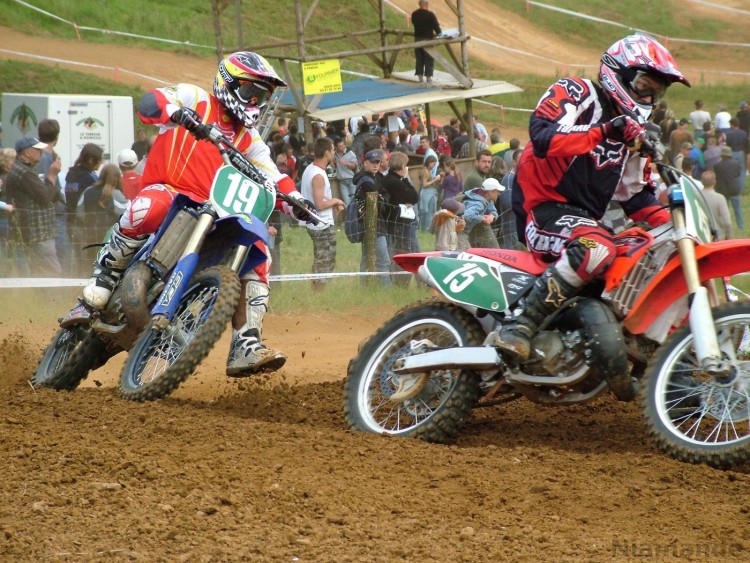 Fonds d'cran Motos Motocross motocross 250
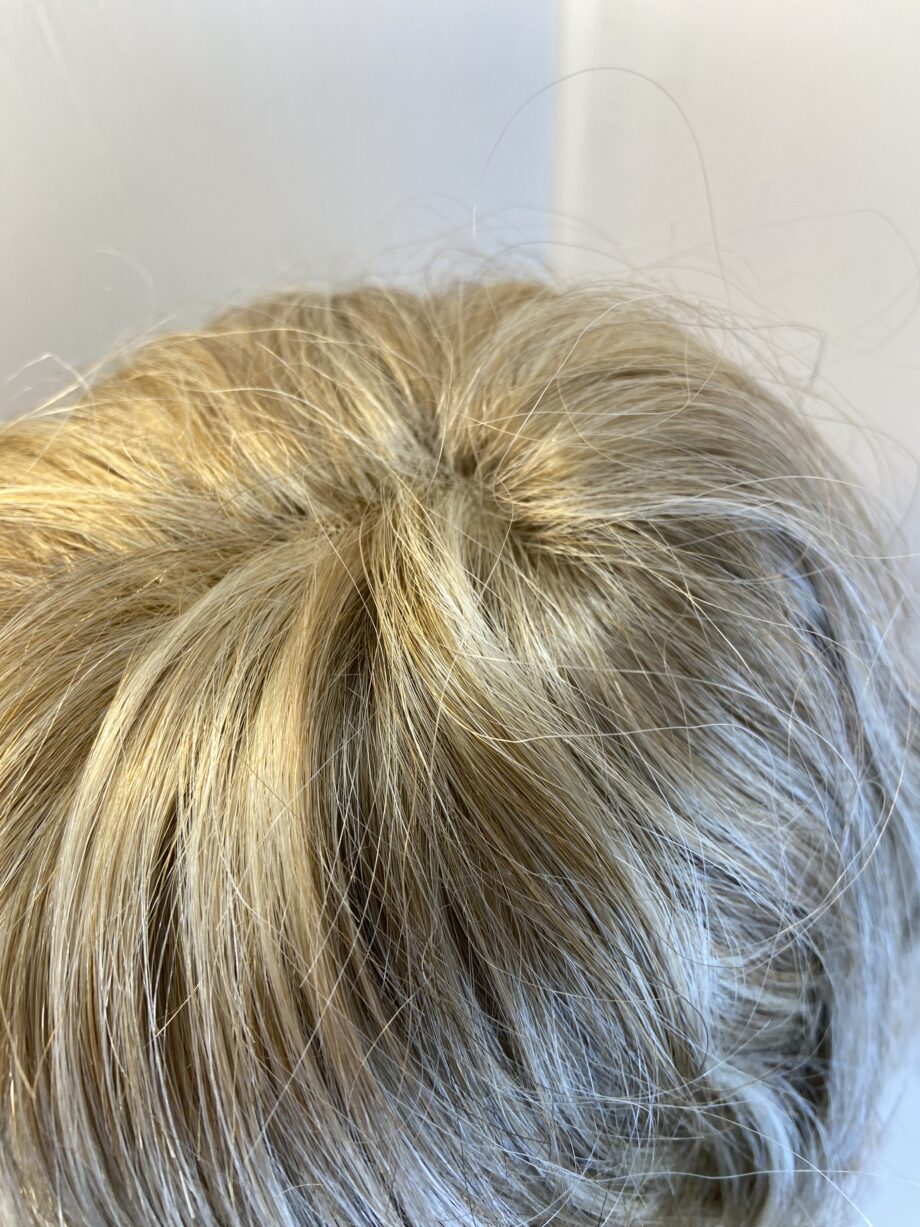 Natural image blonde wavy wig. Bllc56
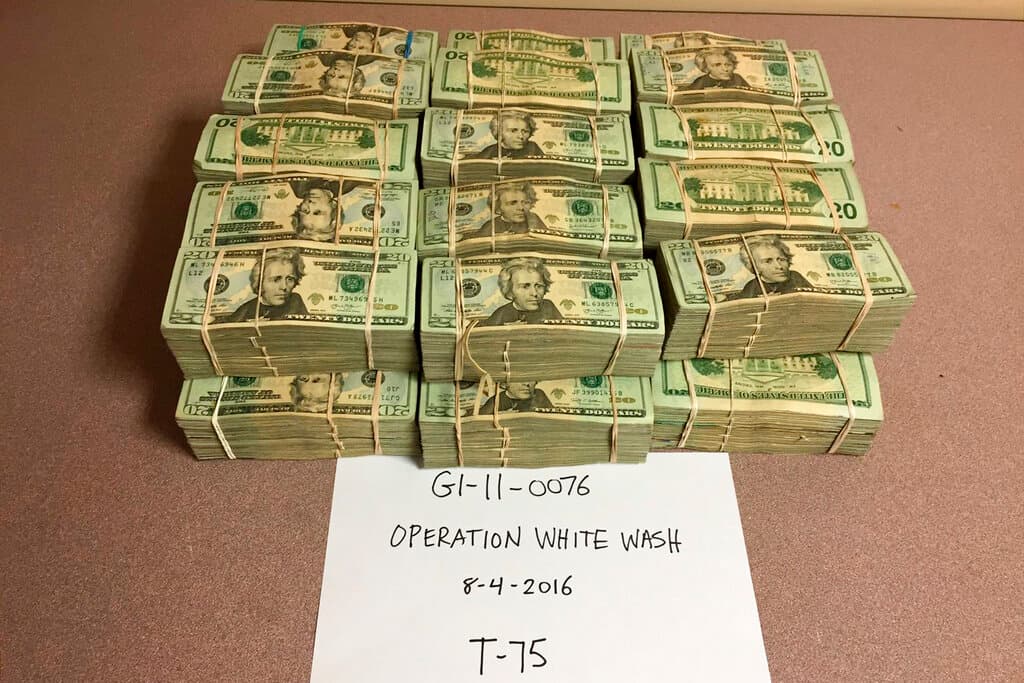 Esta foto proporcionada por la DEA muestra dólares confiscados en la Operación 'White Wash' o Lavado Blanco en 2016. La investigación permitió la detención de más de 100 personas y el decomiso de más de 100 millones de dólares y más de una tonelada de cocaína.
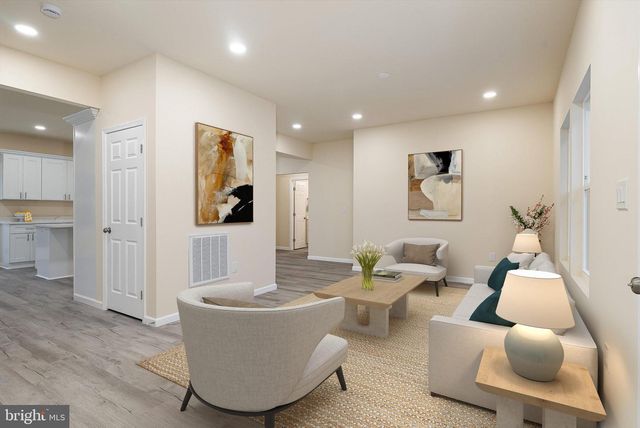 211 PRINCESS CAROLINE CT, Edinburg, VA 22824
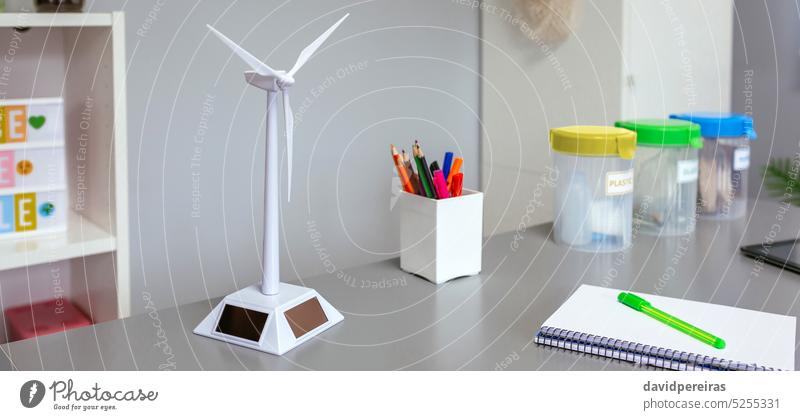 Solarwindrad und selektive Mülleimer über dem Schreibtisch im Klassenzimmer ökologisch umgebungsbedingt Klassenraum Windmühle regenerativ Energie Panorama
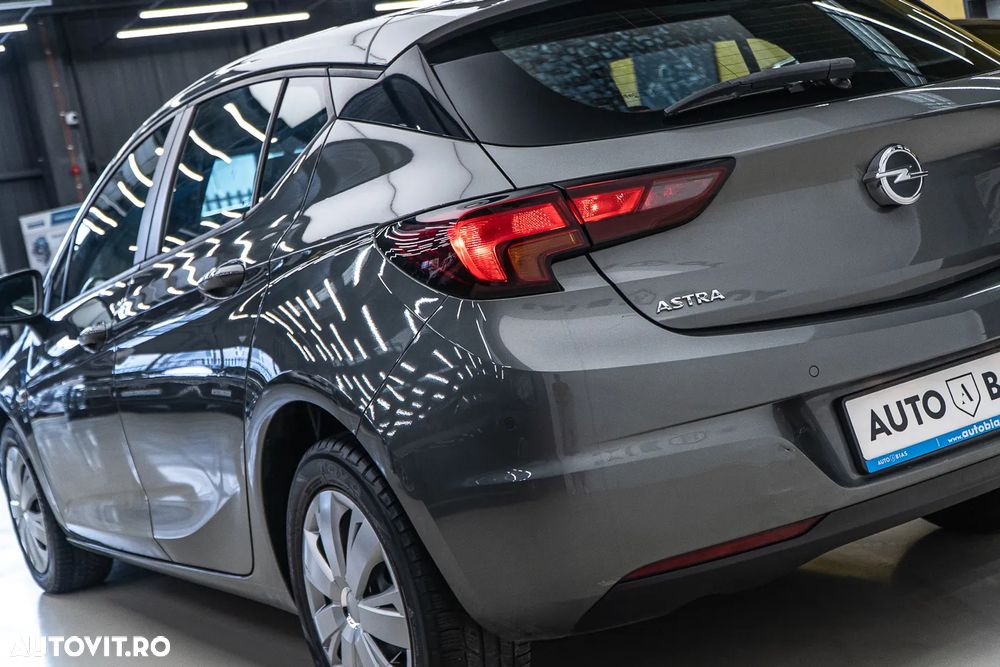 Opel Astra - 32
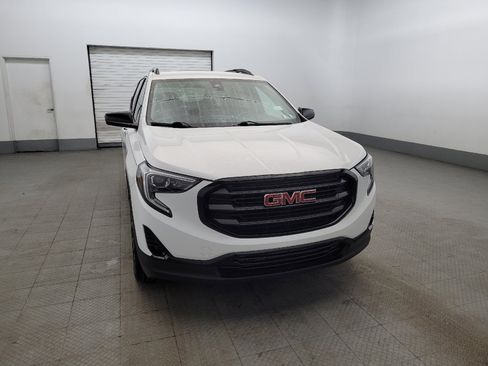 Used 2020 GMC Terrain SLT w/ Preferred Package image 14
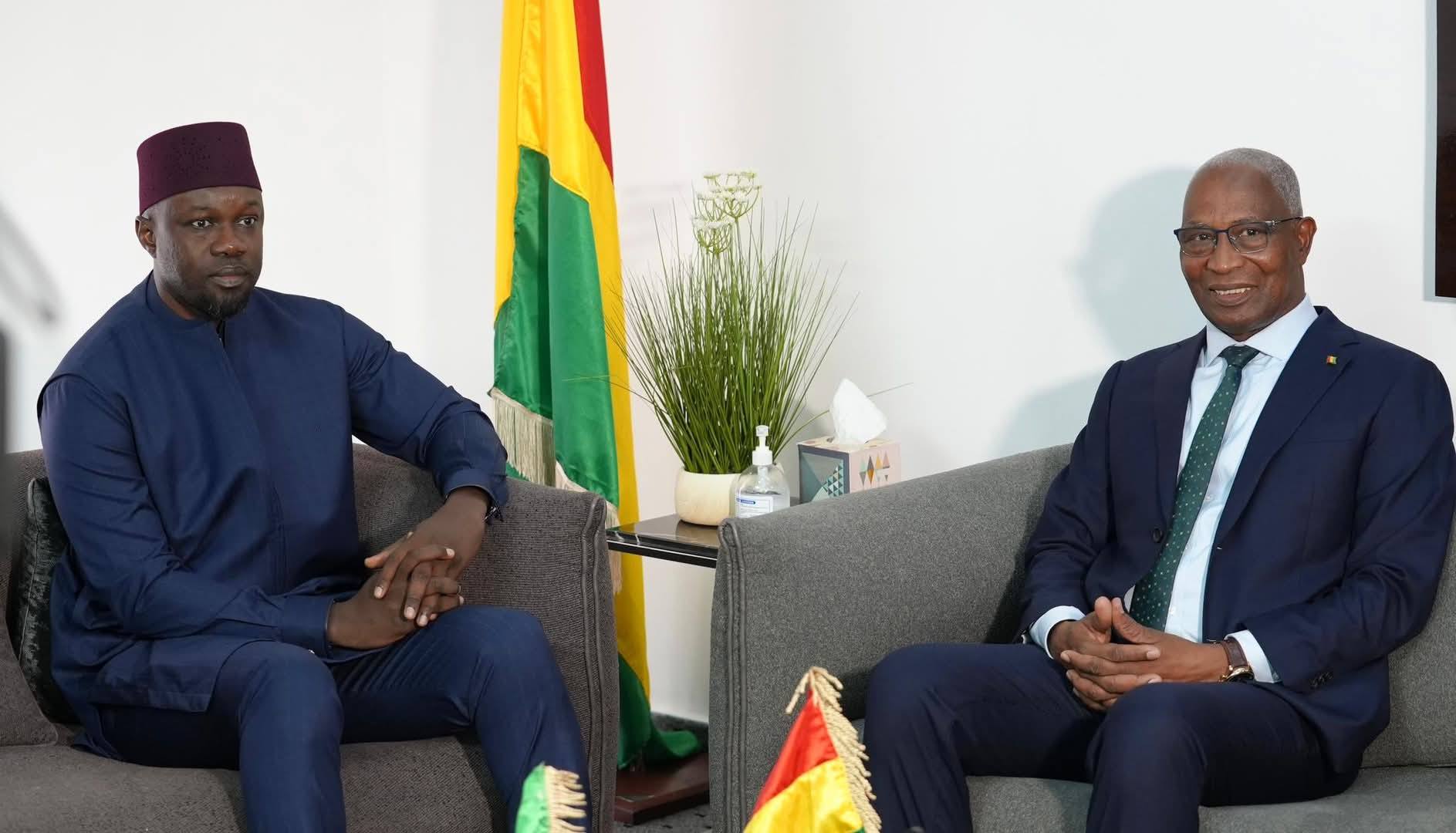Conakry : Rencontre bilatérale entre les Premiers ministres du Sénégal et de Guinée (photos)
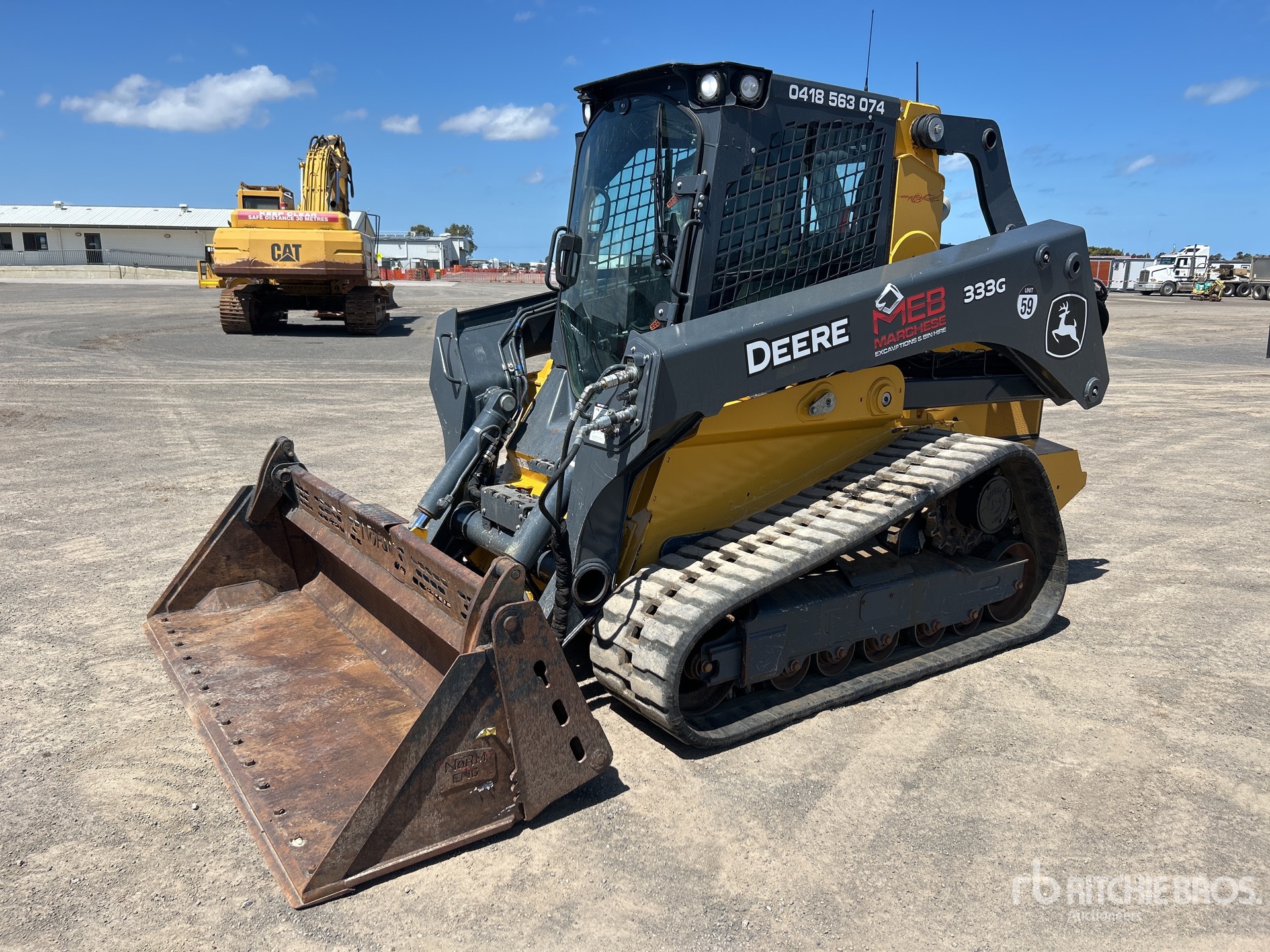 General Appearance with Bild, Ecke vorne links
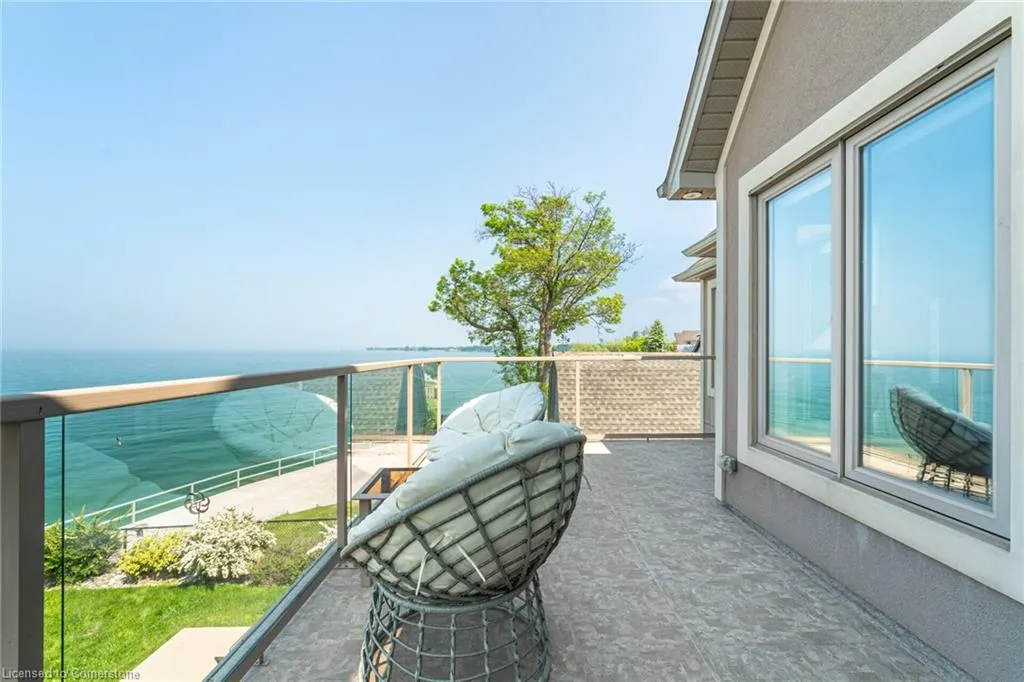 64 Seabreeze Crescent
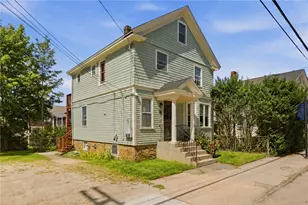 629 Thames St, Newport, RI 02840 - Photo 1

━━━━━━━━━━━━━━━━━━━━━━━━━━━━━━

[Problem to solve] Every entry should come back exactly as written, only without images.

[Result below]
 Fonds d'cran Motos Motocross motocross 250
 Natural image blonde wavy wig. Bllc56
 Esta foto proporcionada por la DEA muestra dólares confiscados en la Operación 'White Wash' o Lavado Blanco en 2016. La investigación permitió la detención de más de 100 personas y el decomiso de más de 100 millones de dólares y más de una tonelada de cocaína.
 211 PRINCESS CAROLINE CT, Edinburg, VA 22824
 Solarwindrad und selektive Mülleimer über dem Schreibtisch im Klassenzimmer ökologisch umgebungsbedingt Klassenraum Windmühle regenerativ Energie Panorama
 Opel Astra - 32
 Used 2020 GMC Terrain SLT w/ Preferred Package image 14
Conakry : Rencontre bilatérale entre les Premiers ministres du Sénégal et de Guinée (photos)
 General Appearance with Bild, Ecke vorne links
 64 Seabreeze Crescent
 629 Thames St, Newport, RI 02840 - Photo 1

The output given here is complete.